Are you focusing on the things that matter most?
It has been a busy week. You know, one of those weeks. It started out with my car breaking down (never the way to complete a Monday). Fortunately, it was something simple and easily repaired by my handy husband. But then it was followed up with busy days at work, including a physically demanding project with a short deadline that included working late and left me completely worn out.
But instead of coming home and relaxing, it was a week filled with church commitments and family commitments. Hmmm, it has just been a busy month. 2014 has started off with a bang around here. And by about the middle of the week, I was ready to call a time-out. Of course, I didn’t have time for it. But it did start me thinking.

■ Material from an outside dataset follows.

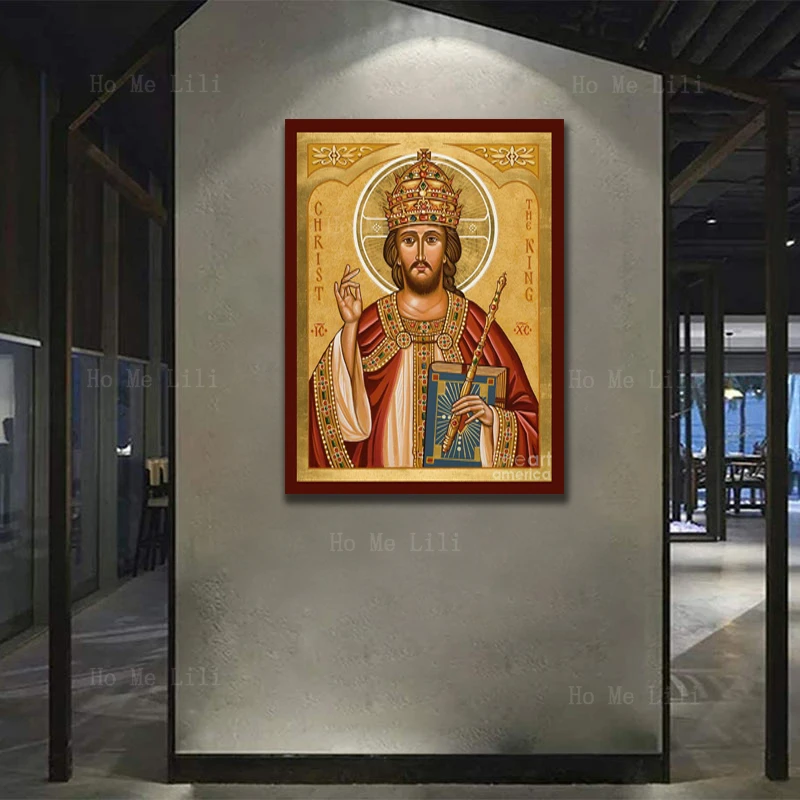 Prawosławna ikona chrystusa króla naszego pana jezusa w chwale boski zmartwychwstanie religia płótno Wall Art By Ho Me Lili wystrój pokoju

The commitments and obligations that have started my year aren’t going away. I have made some big changes in my life in the last couple of months and two of the biggest came at about the same time—a new calling at church and a part-time job working for someone else (something I haven’t done in nearly 20 years). I love them both and have no desire to give up either. But the last couple of weeks—and especially this week—have made me realize that I cannot simply add those two big changes into my life and continue on with all the things that filled my time before. It really doesn’t work that way.

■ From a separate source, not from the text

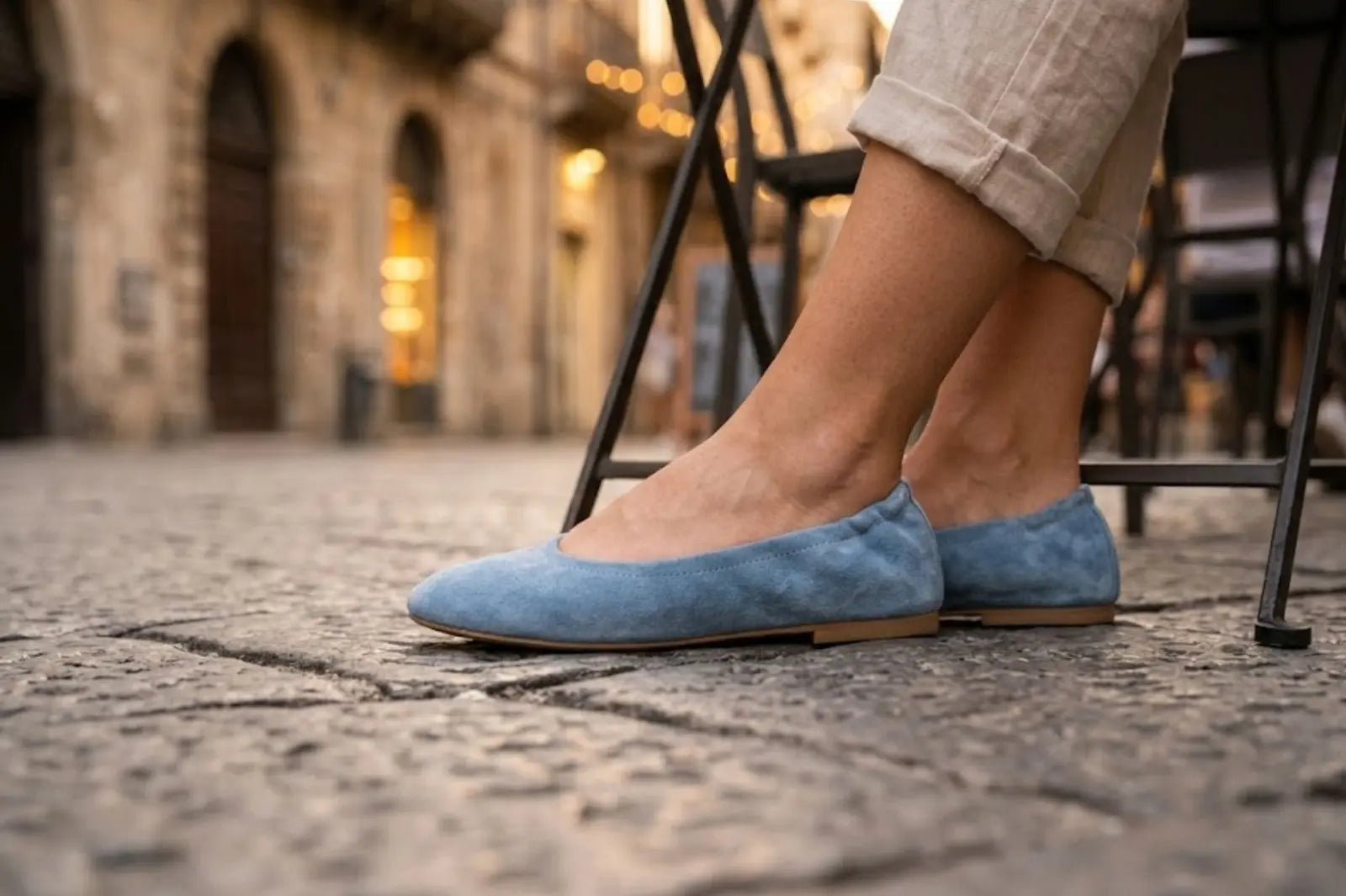 Sandro Barbera Brunella ballerina donna scamosciato jeans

And so this week, I began pondering on one of my favorite scriptures:
And see that all these things are done in wisdom and order; for it is not requisite that a man should run faster than he has strength. And again, it is expedient that he should be diligent, that thereby he might win the prize; therefore, all things must be done in order. ~Mosiah 4:27
I have been realizing this week that some things will have to change and some things will have to go. And so begins the process of reevaluating what is most important in my life and deciding where my focus needs to be at this point in my life.
This morning, as I was up early pondering on this very thing, I came across this wonderful video
And it led me to read the full text of this LDS Conference Talk from October 2010 by Dieter F. Uchtdorf
I love this quote from his talk:
“As we evaluate our own lives with a willing mind, we will see where we have drifted from the more excellent way. The eyes of our understanding will be opened, and we will recognize what needs to be done to purify our heart and refocus our life.”
I am beginning to see where the changes need to be made in my own life and what my focus needs to be. And so, over the next few weeks, as I have done in the past few weeks, I will be continuing to realign my priorities and rescheduling my time, dropping the things that aren’t so important to be sure I have time for what is most important.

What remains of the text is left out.